----- Information given
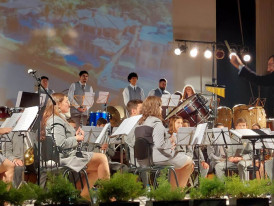 Concerto de Ano Novo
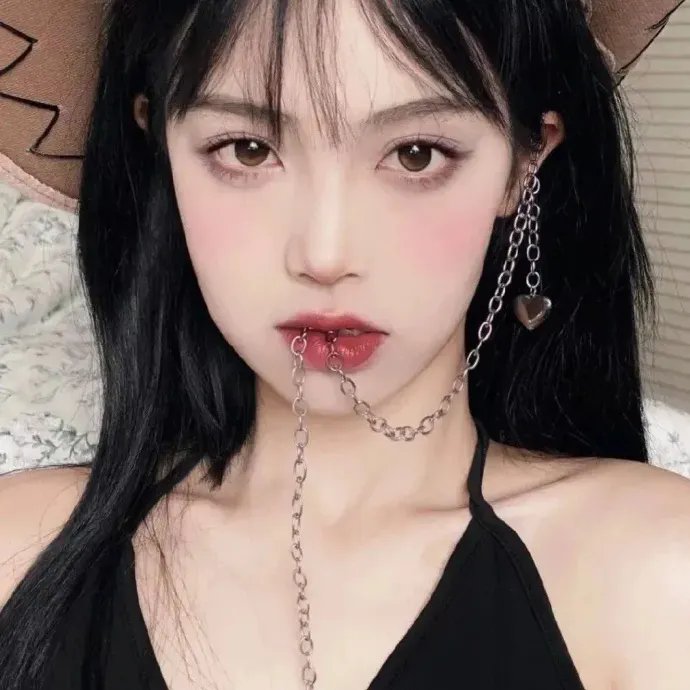 学姐可以爱我吗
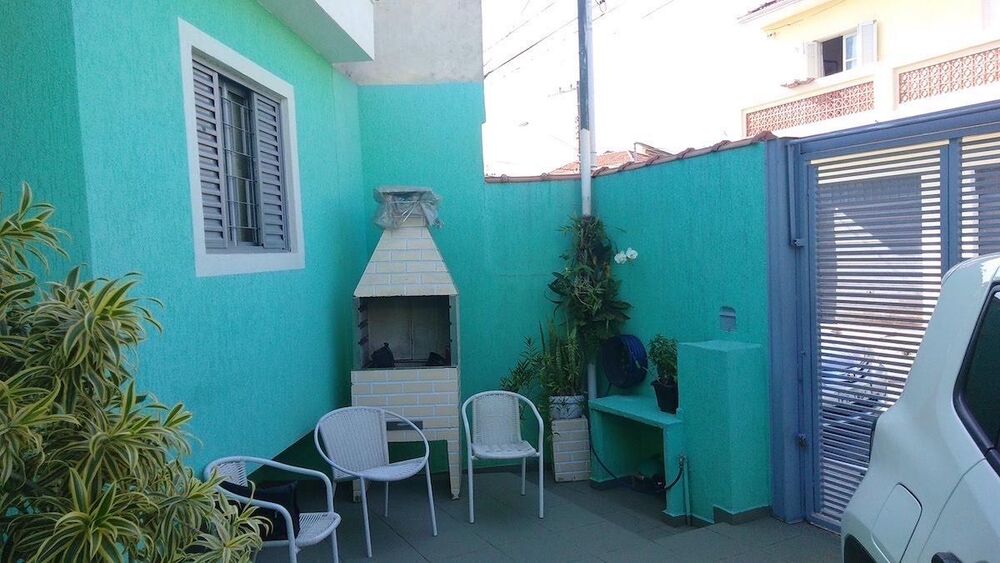 Casa, 2 quartos, 200 m² - Foto 1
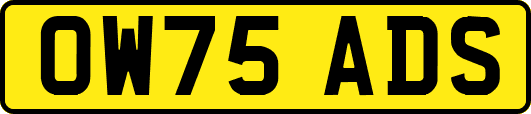 OW75ADS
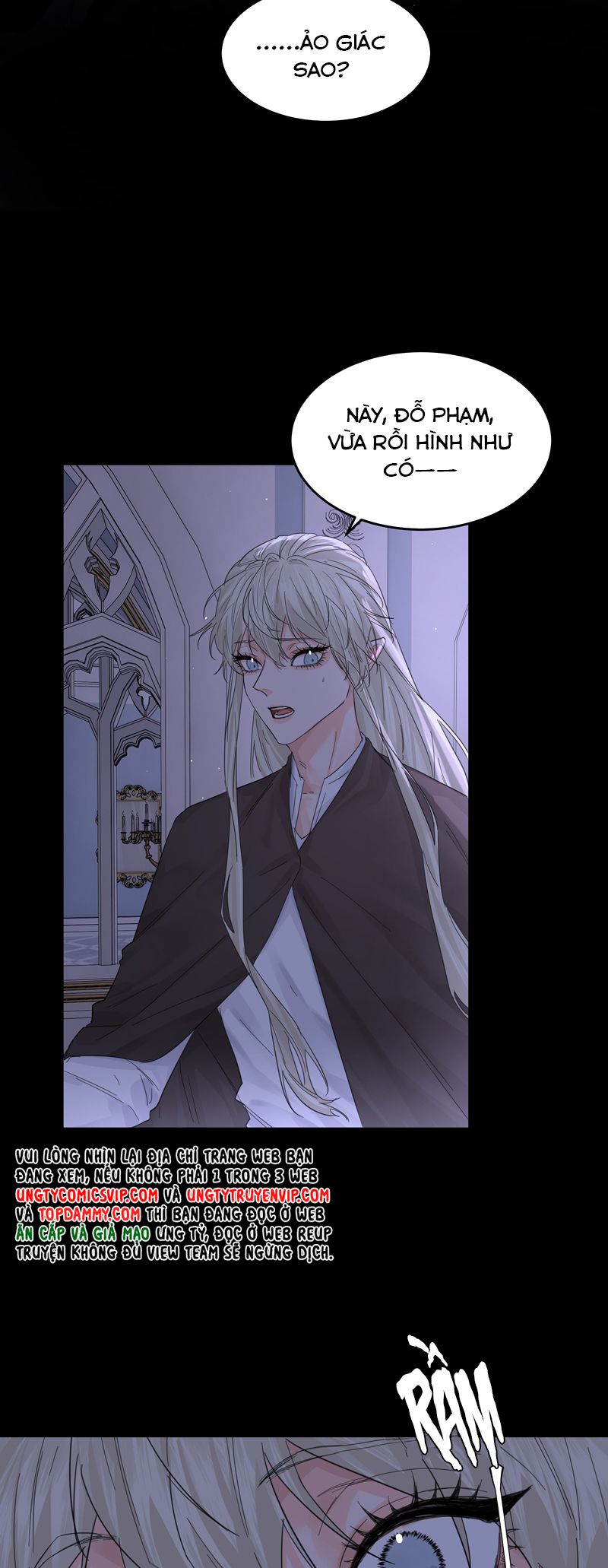 Tiền Nhiệm Vi Vương Chapter 60 - Trang 4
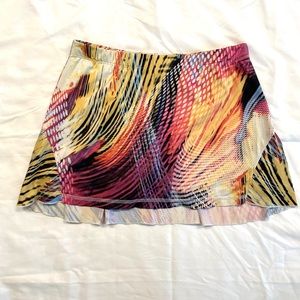 Sofibella tennis skirt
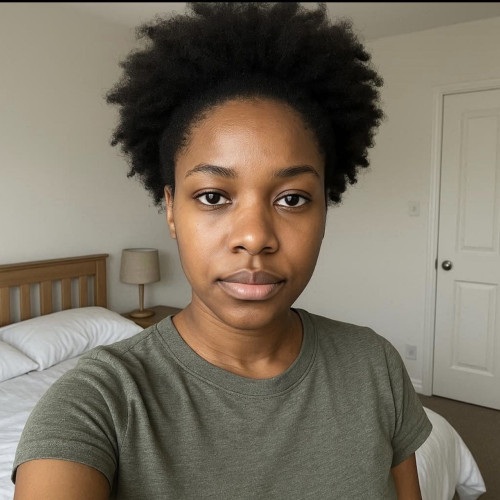 Ifunanya E.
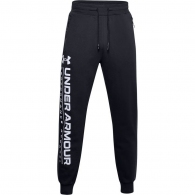 Pantaloni Under Armour MEN UA RIVAL FLC AMP JGS thumbnav 1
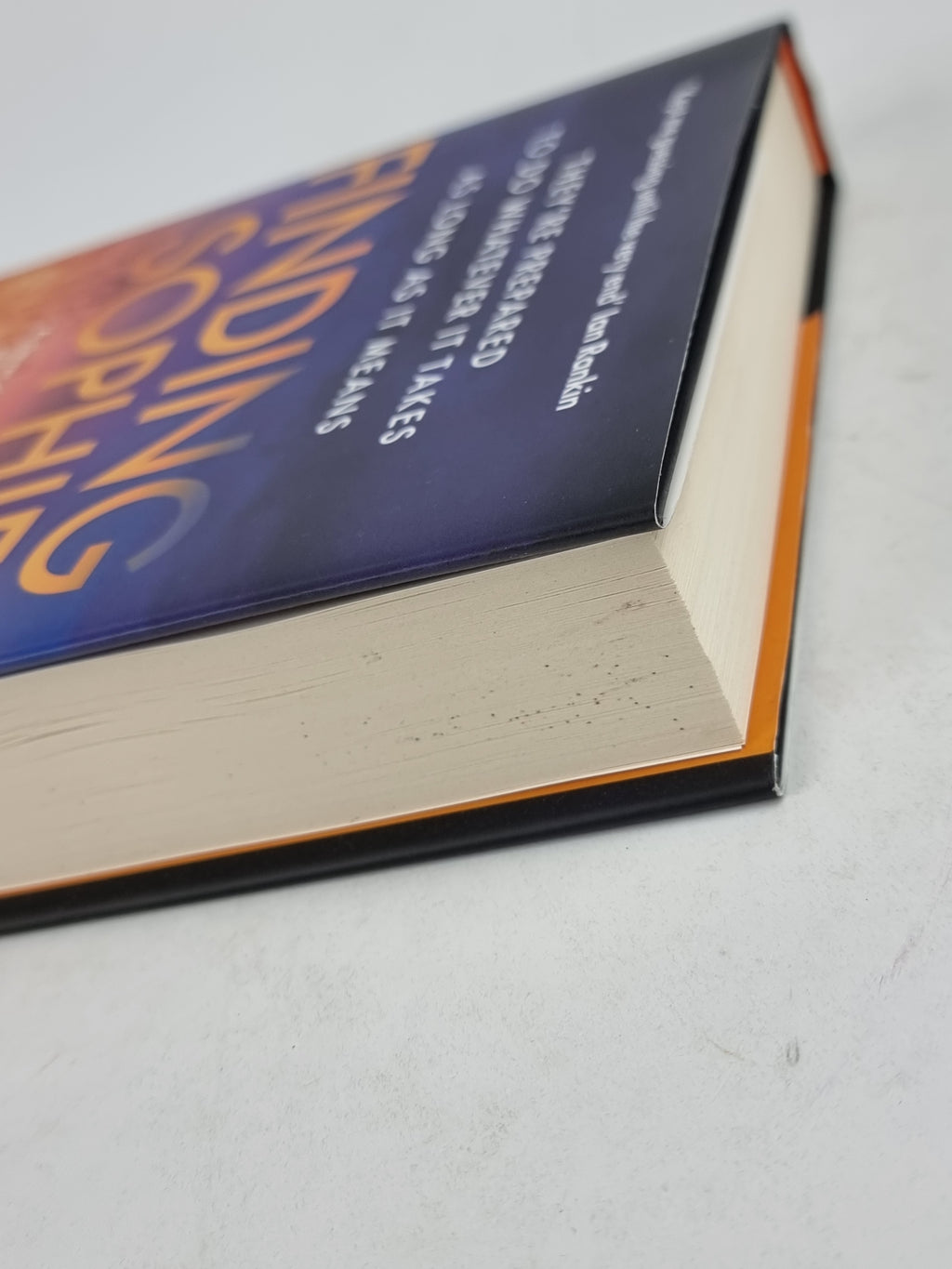 Finding Sophie, Imran Mahmood — 1st Edition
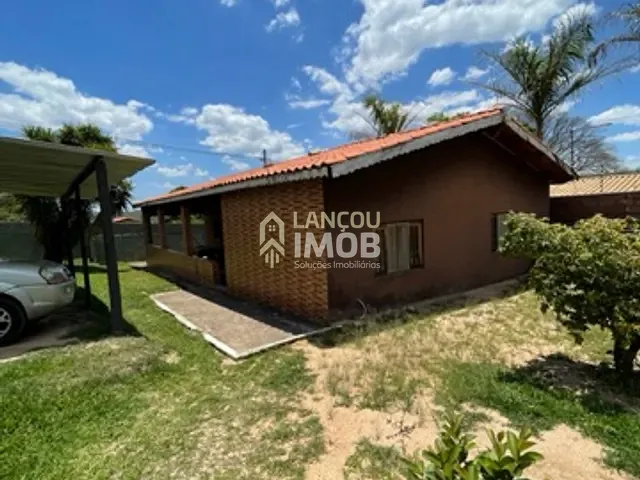 Chácara com 2300m² 7 quartos e 5 banheiros, à venda, no bairro Parque dos Cafezais II em Itupeva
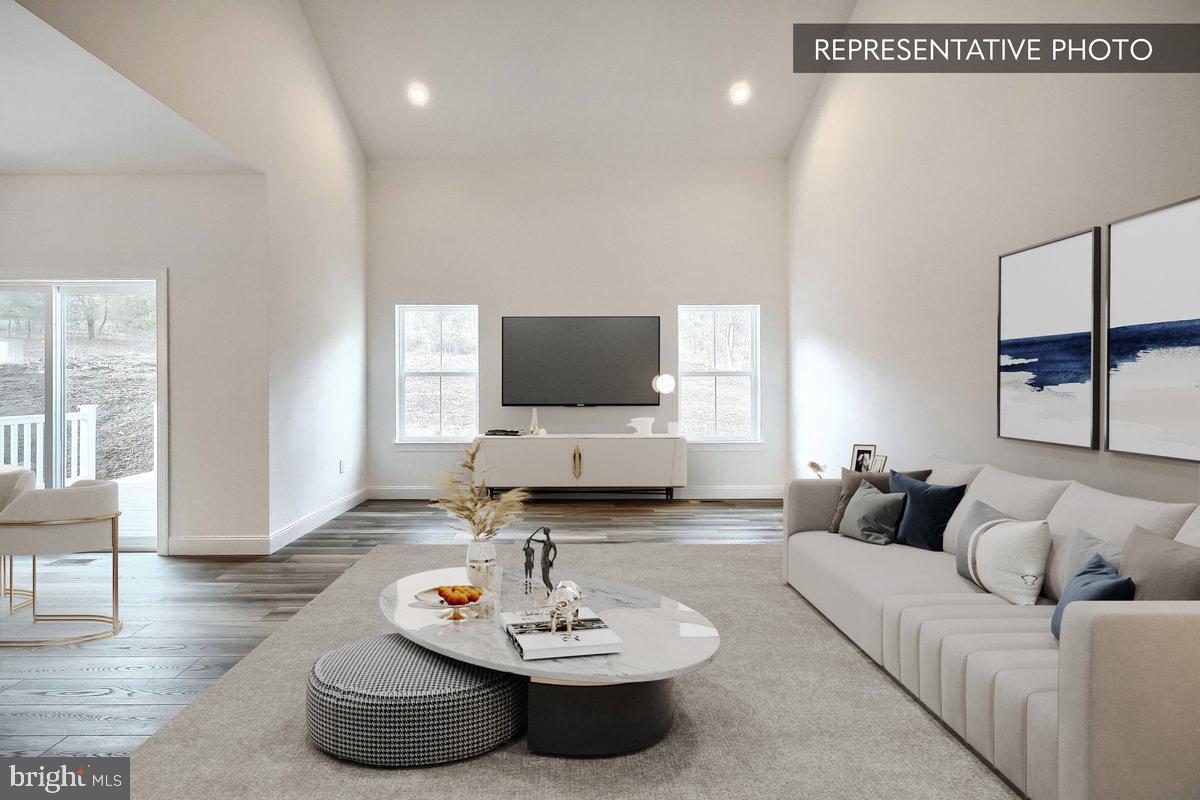 CUMBERLAND PRESERVE - Residential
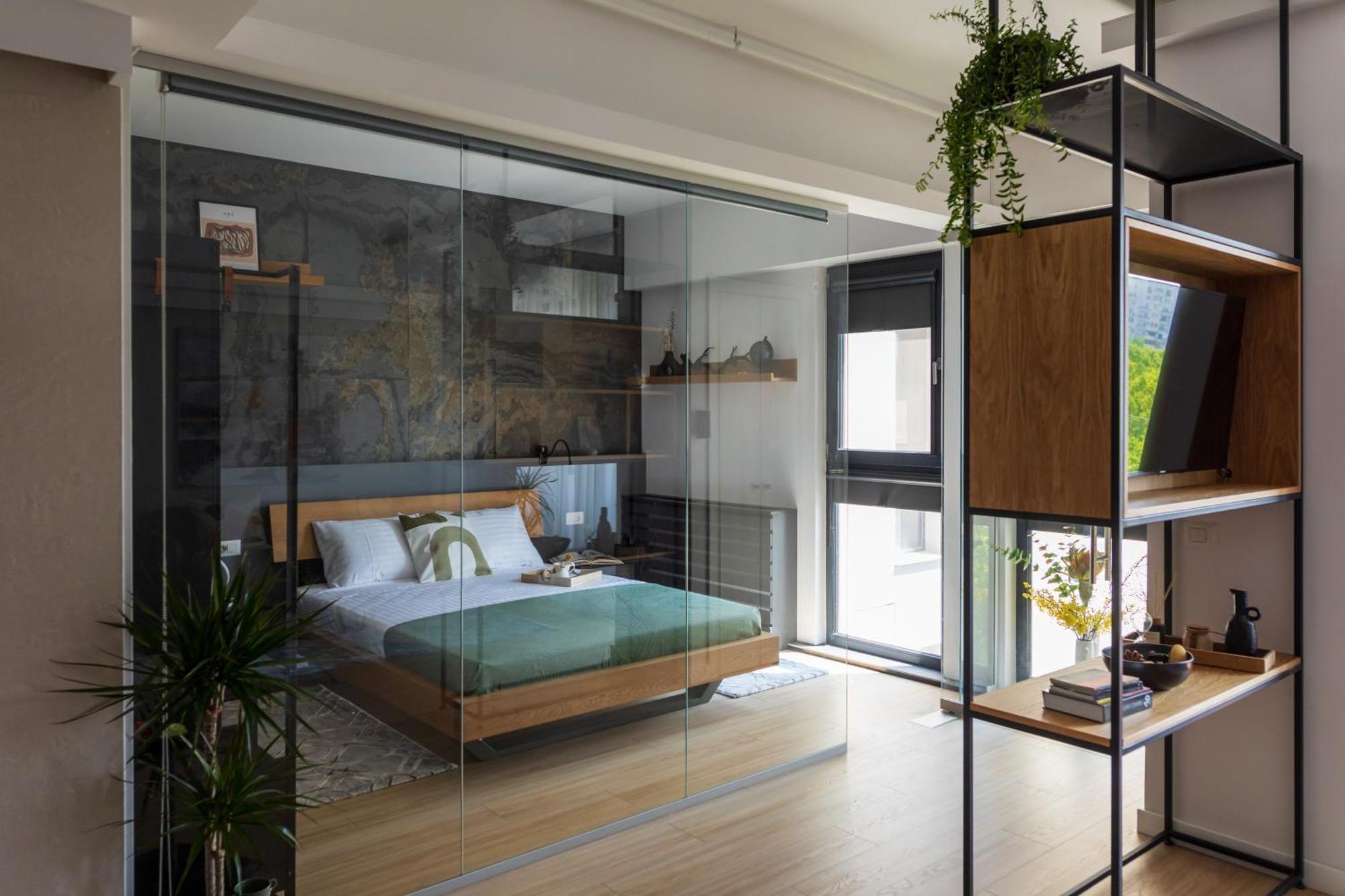 Tonic Studio Union Bukares Bagian luar foto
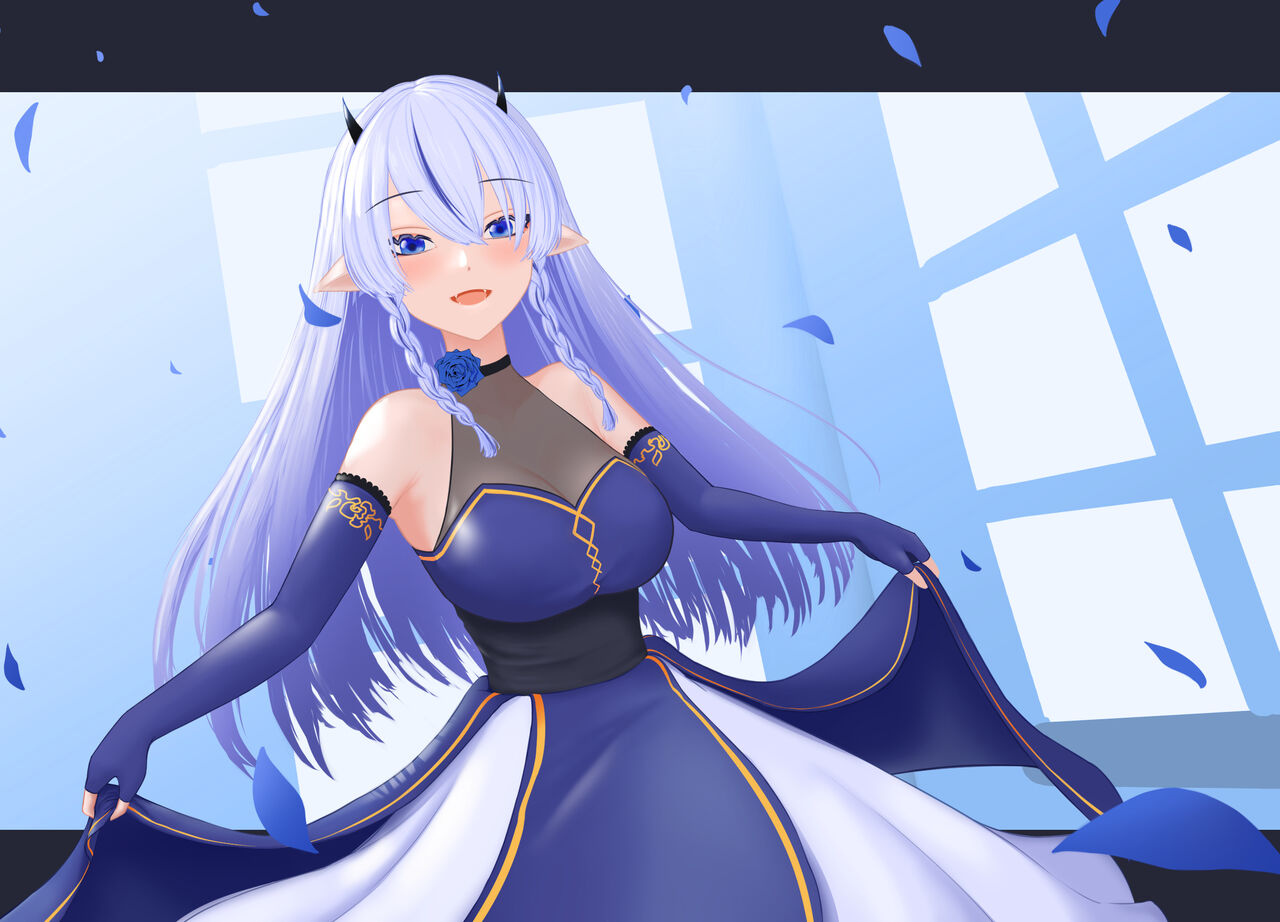 Arina page 8 full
----------
- Exercise aim
Each record should be quoted exactly, with the images omitted.

- Written answer
 Concerto de Ano Novo
 学姐可以爱我吗
 Casa, 2 quartos, 200 m² - Foto 1
 OW75ADS
 Tiền Nhiệm Vi Vương Chapter 60 - Trang 4
 Sofibella tennis skirt
 Ifunanya E.
 Pantaloni Under Armour MEN UA RIVAL FLC AMP JGS thumbnav 1
 Finding Sophie, Imran Mahmood — 1st Edition
 Chácara com 2300m² 7 quartos e 5 banheiros, à venda, no bairro Parque dos Cafezais II em Itupeva
 CUMBERLAND PRESERVE - Residential
 Tonic Studio Union Bukares Bagian luar foto
 Arina page 8 full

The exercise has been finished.